◆ **WORK ORDER**
As you reproduce every line below, keep it exactly as written and leave out the images.

Data items

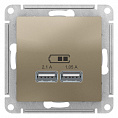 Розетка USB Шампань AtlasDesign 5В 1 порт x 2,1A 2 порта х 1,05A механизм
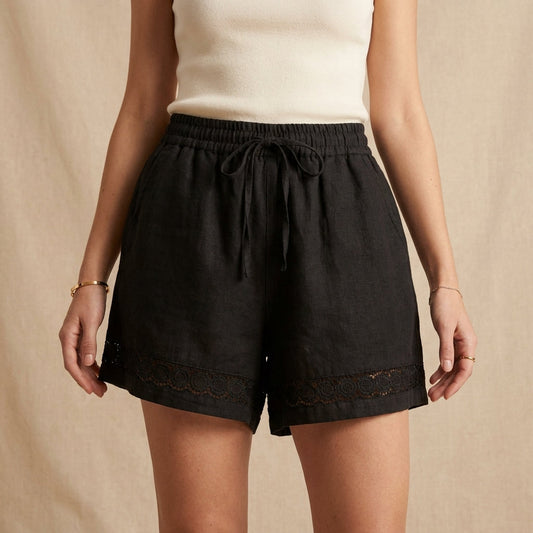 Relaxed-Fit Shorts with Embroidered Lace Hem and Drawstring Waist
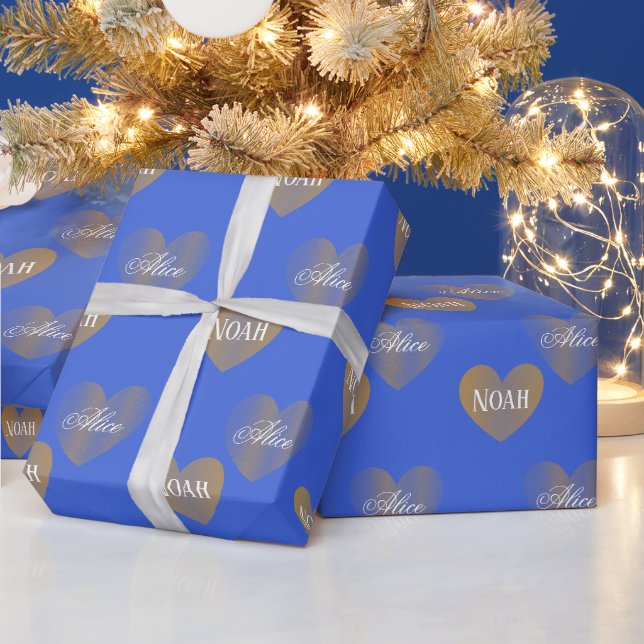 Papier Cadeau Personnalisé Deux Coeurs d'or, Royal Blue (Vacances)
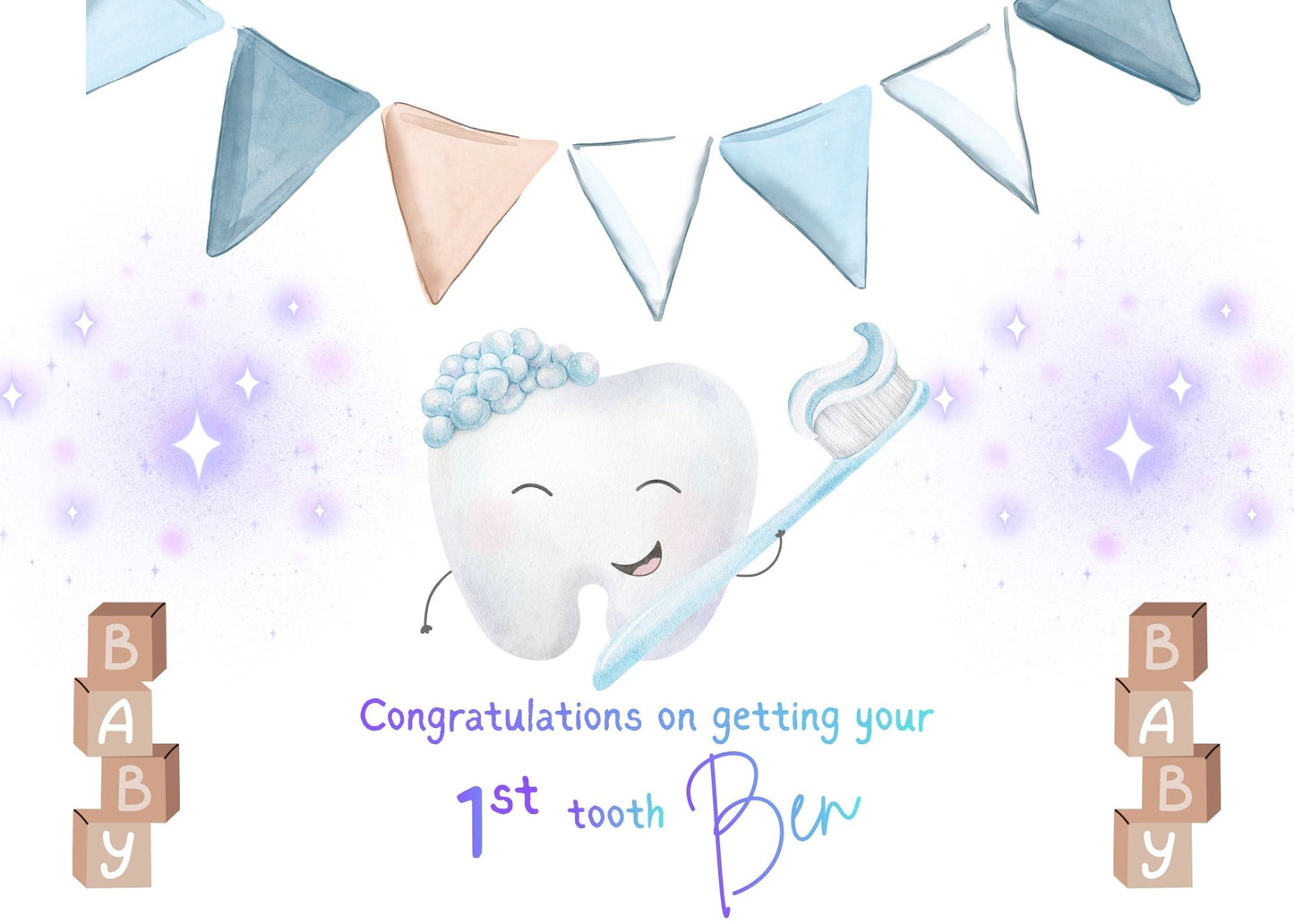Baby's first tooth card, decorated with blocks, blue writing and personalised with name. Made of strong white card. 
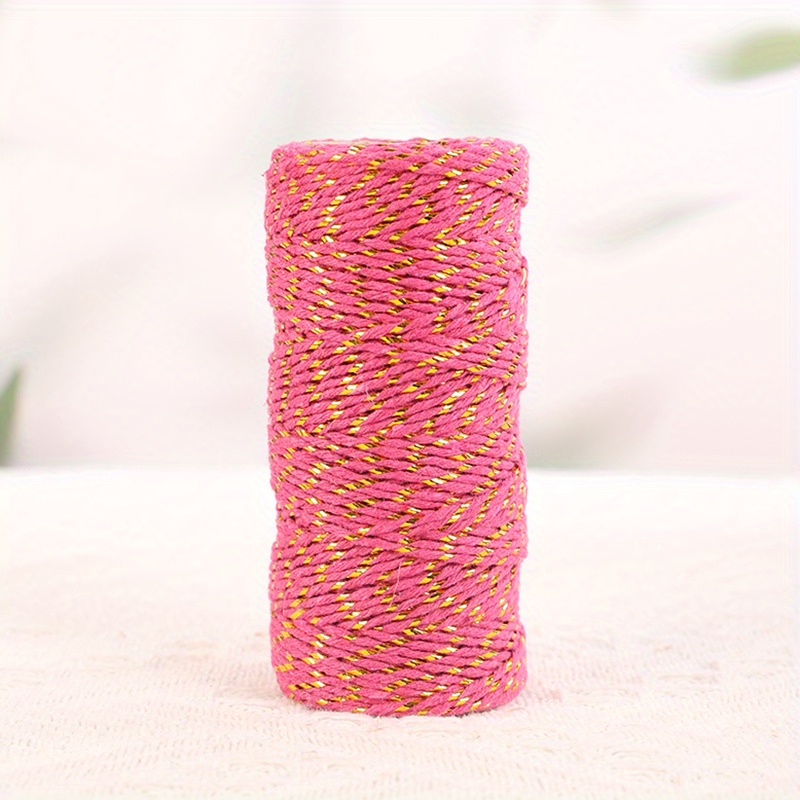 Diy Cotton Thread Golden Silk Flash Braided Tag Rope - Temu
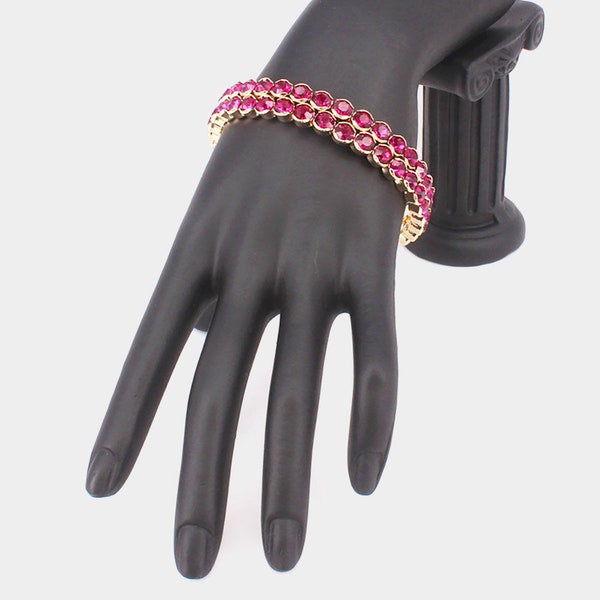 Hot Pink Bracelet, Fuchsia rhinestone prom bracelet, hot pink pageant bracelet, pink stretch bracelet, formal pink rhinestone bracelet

◆ **OUTPUT**
 Розетка USB Шампань AtlasDesign 5В 1 порт x 2,1A 2 порта х 1,05A механизм
 Relaxed-Fit Shorts with Embroidered Lace Hem and Drawstring Waist
 Papier Cadeau Personnalisé Deux Coeurs d'or, Royal Blue (Vacances)
Baby's first tooth card, decorated with blocks, blue writing and personalised with name. Made of strong white card. 
 Diy Cotton Thread Golden Silk Flash Braided Tag Rope - Temu
 Hot Pink Bracelet, Fuchsia rhinestone prom bracelet, hot pink pageant bracelet, pink stretch bracelet, formal pink rhinestone bracelet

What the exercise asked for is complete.